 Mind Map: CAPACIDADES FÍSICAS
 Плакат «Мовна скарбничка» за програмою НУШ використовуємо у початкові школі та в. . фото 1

□ □ □

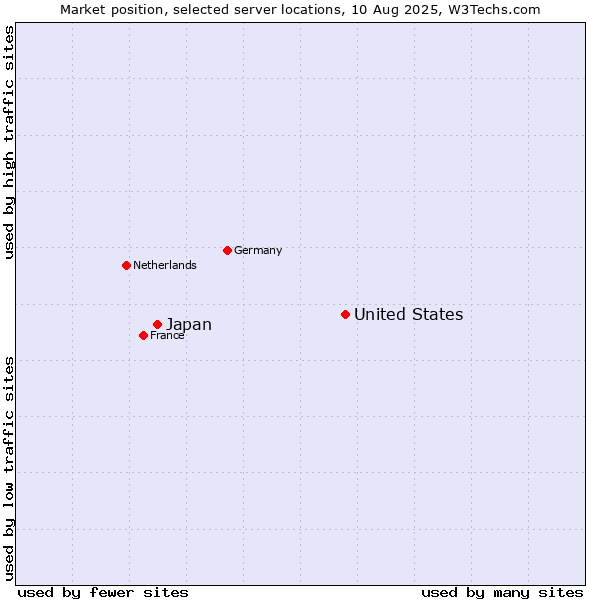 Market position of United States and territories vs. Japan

□ □ □

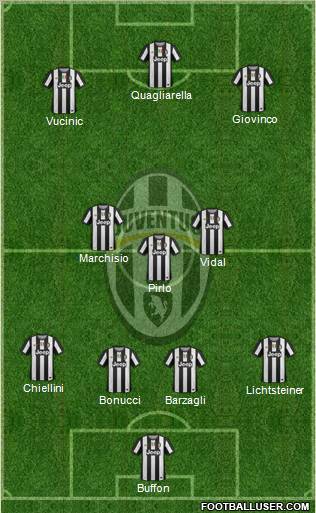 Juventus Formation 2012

□ □ □

[Assigned task] Return, word for word, the lines of the data above from the line with "Mind Map: CAPACIDADES FÍSICAS" through the line with "в. . фото 1", inclusive.

[Your solution]
 Mind Map: CAPACIDADES FÍSICAS
 Плакат «Мовна скарбничка» за програмою НУШ використовуємо у початкові школі та в. . фото 1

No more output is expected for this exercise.